- **What you should do**: What is needed is an exact reproduction of the lines from the one that contains "Анна. Ваш фотограф" through the end of the data, both included and nothing else, with pictures omitted.

START Source data

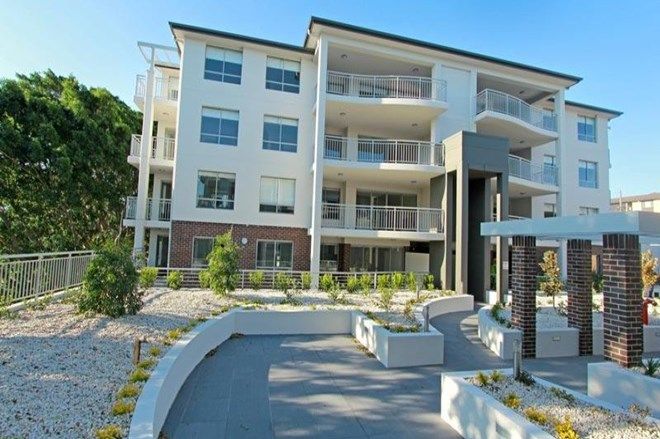 Picture of 18/16-20 Keira Street, WOLLONGONG NORTH NSW 2500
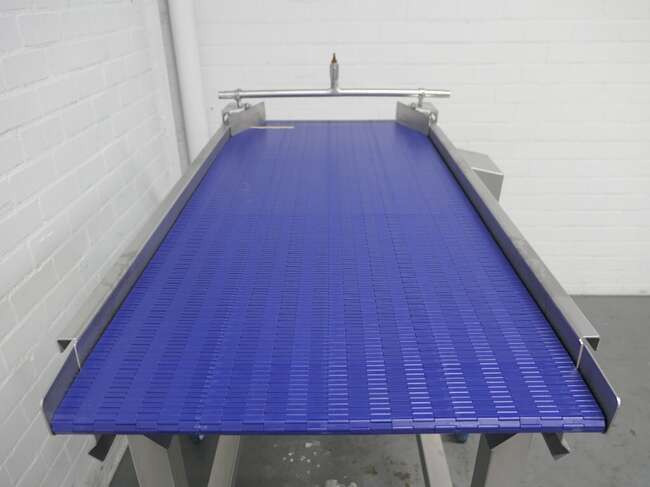 Hellings transport conveyor TRC1500/600 - Конвейер: фото 5 Hellings transport conveyor TRC1500/600 - Конвейер: фото 5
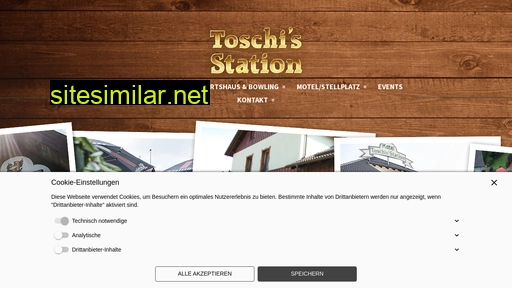 toschis-station.de alternative sites
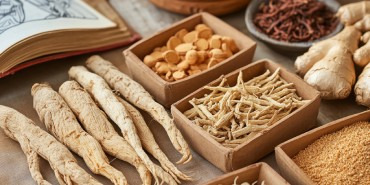 Les bienfaits du ginseng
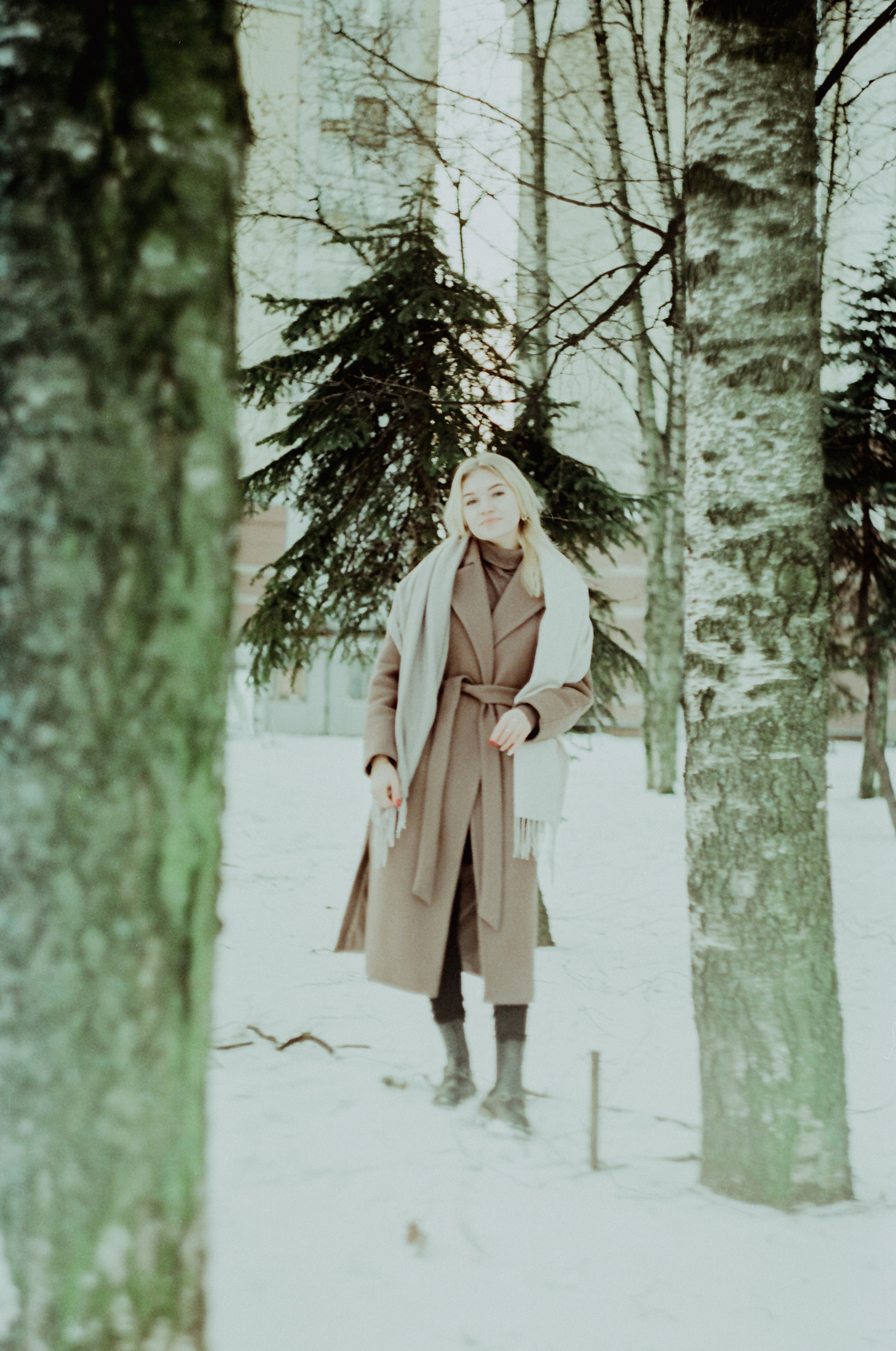 Анна. Ваш фотограф в Санкт-Петербурге Виталий Иванов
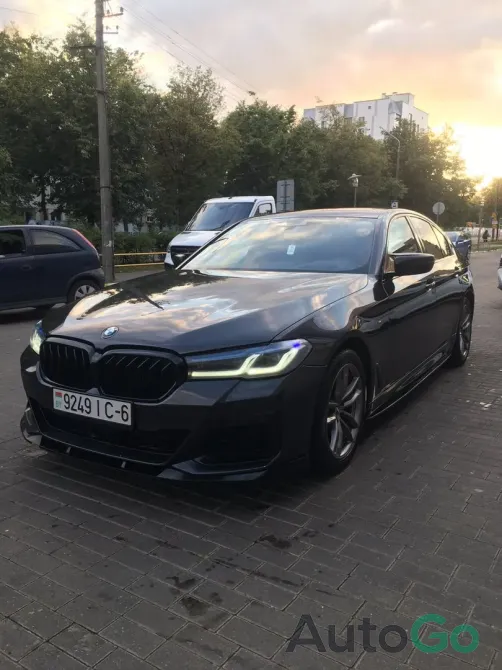  5 серия (G30/G31)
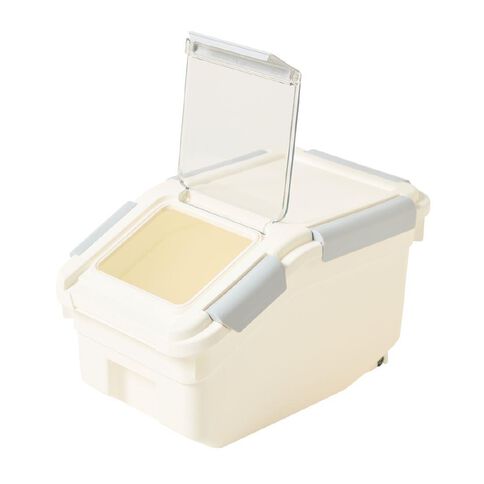 Living & Co Food Storage Clear 5L Clear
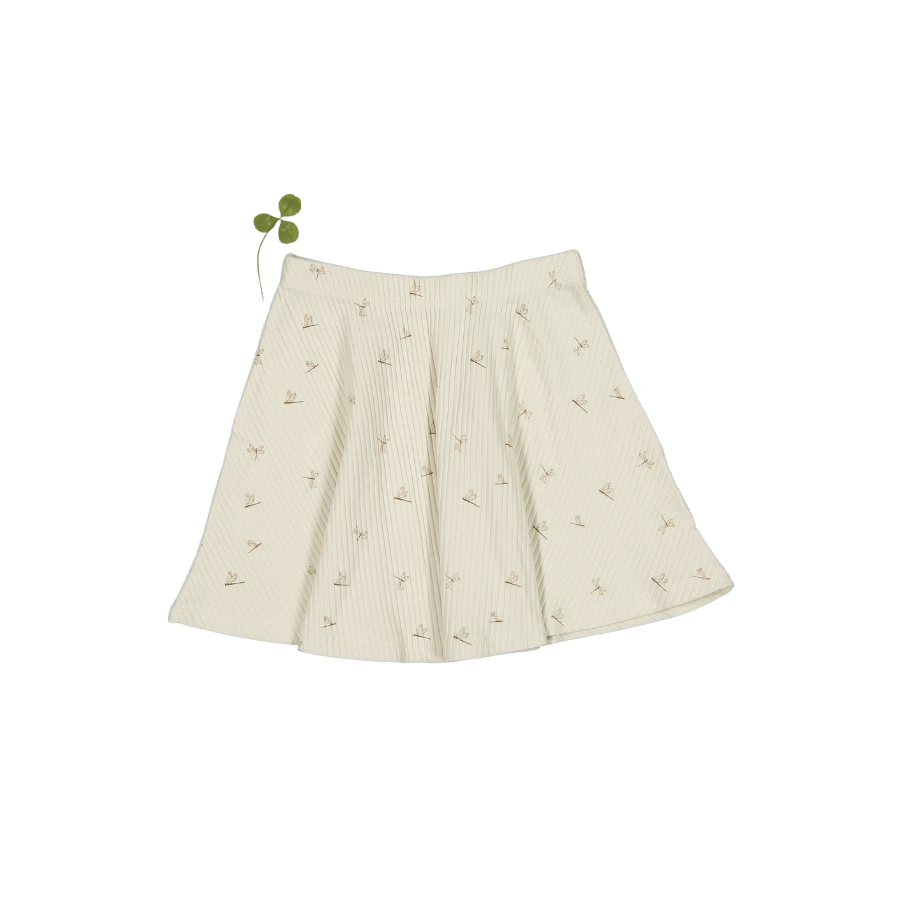 The Printed Skirt - Dragonfly Skirt Lovely Littles   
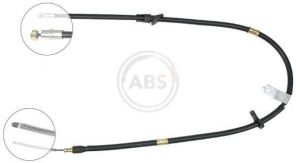 A.B.S. K19058 - Brzdové lano -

END Source data

- **Response box**:
 Анна. Ваш фотограф в Санкт-Петербурге Виталий Иванов
  5 серия (G30/G31)
 Living & Co Food Storage Clear 5L Clear
 The Printed Skirt - Dragonfly Skirt Lovely Littles   
 A.B.S. K19058 - Brzdové lano -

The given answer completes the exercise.